Charles da Silva, 31 anos, segundo tuxaua da comunidade Canapã
Caíque Rodrigues/g1 RR
Canapã também é passagem obrigatória para pelo menos 24 comunidades indígenas da região, sendo sete delas menores e ainda mais vulneráveis. O transporte de mercadorias e a mobilidade entre essas localidades dependem de quadriciclos e motos.
“O chão vira só lama, as pontes ficam submersas e o acesso pela estrada desaparece. Ficamos totalmente comprometidos”, afirma o segundo tuxaua.
Apesar das dificuldades, a Canapã se adapta. A preparação para a cheia faz parte da cultura local. Quando percebem que o nível do rio começa a subir, os moradores se organizam, reforçam estruturas e buscam rotas alternativas.
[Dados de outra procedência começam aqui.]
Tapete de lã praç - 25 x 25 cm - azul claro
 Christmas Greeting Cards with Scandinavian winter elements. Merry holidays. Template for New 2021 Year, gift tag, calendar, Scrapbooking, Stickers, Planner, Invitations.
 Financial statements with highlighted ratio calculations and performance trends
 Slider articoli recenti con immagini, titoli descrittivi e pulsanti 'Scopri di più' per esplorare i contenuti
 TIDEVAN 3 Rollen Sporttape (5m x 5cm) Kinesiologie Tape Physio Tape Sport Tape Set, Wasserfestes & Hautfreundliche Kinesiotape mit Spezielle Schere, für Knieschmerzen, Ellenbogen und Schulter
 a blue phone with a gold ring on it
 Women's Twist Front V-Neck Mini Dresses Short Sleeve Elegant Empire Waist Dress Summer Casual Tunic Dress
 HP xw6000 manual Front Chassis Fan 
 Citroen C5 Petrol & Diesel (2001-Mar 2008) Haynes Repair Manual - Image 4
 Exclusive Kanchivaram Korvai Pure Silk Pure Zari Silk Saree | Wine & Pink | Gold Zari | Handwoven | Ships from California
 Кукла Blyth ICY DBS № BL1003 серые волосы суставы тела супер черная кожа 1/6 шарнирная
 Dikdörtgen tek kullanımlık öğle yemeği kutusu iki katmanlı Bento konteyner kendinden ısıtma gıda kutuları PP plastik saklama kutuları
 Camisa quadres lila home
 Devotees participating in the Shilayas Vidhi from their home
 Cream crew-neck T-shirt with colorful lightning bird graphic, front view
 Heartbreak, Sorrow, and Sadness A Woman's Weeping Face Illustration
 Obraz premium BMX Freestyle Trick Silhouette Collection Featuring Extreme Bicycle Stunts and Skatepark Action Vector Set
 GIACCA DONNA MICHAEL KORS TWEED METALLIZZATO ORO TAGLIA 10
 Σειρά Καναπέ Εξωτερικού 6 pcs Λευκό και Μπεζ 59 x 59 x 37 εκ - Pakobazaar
“A gente aprende a conviver com a água. Não tem outro jeito. Mas isso não quer dizer que está tudo bem. A dificuldade existe, principalmente com transporte e saúde".
Período chuvoso
Carro entra dentro de rio para atravessar em via onde ponte foi destruída, no Uiramutã
Caíque Rodrigues/g1 RR
Roraima passa pelo período chuvoso que compreende o mês de maio até setembro. De acordo com o meteorologista da Fundação Estadual do Meio Ambiente e Recursos Hídricos (Femarh), Ramon Alves, o nível do rio Cotingo -- que passa pelo município e desagua nos outros rios e igarapés da região --atingiu 440 cm neste mês, considerado alto.
As chuvas foram fortes durante o mês mas, de acordo com Ramon, a tendência é diminuir.
“Lá vem chovendo bastante, sim. Mas agora a tendência é de diminuir as chuvas e, consequentemente, os rios também devem baixar”, explicou o meteorologista ao g1.
De acordo com o meteorologista, Roraima só tem uma única estação meteorológica automática, que fica em Boa Vista, logo não há como saber se Uiramutã choveu acima do esperado.
Por meio de nota, o Corpo de Bombeiros informou que está intensificando o monitoramento das áreas afetadas pelas chuvas em todo o Estado, com atenção especial ao município de Uiramutã.
O Departamento Nacional de Infraestrutura de Transportes (Dnit), responsável pela manutenção de rodovias federais, informou que acompanha regularmente a situação da BR-433. Disse ainda que não foi registrada nenhuma ponte danificada ao longo do trecho sob a administração desta autarquia. A manutenção preventiva da rodovia está programada para ser executada após o período chuvoso.
Já a Secretaria de Infraestrutura (Seinf) de Roraima, responsável pela manutenção das vias estaduais, informou que as operações de manutenção de pontes e estradas na região estão temporariamente suspensas em razão das severas condições climáticas do inverno.
Duas empresas contratadas pelo governo do estado, responsáveis pela execução dos serviços, permanecem na região com o maquinário necessário, aguardando a melhora do tempo para retomar os trabalhos.
O g1 procurou o Ministério dos Povos Indígenas, a Fundação Nacional dos Povos Indígenas (Funai) e o Conselhor Indígena de Roraima (CIR), questionou se estão acompanhando a situação do município, mas não foi respondido até a última atualização dessa reportagem.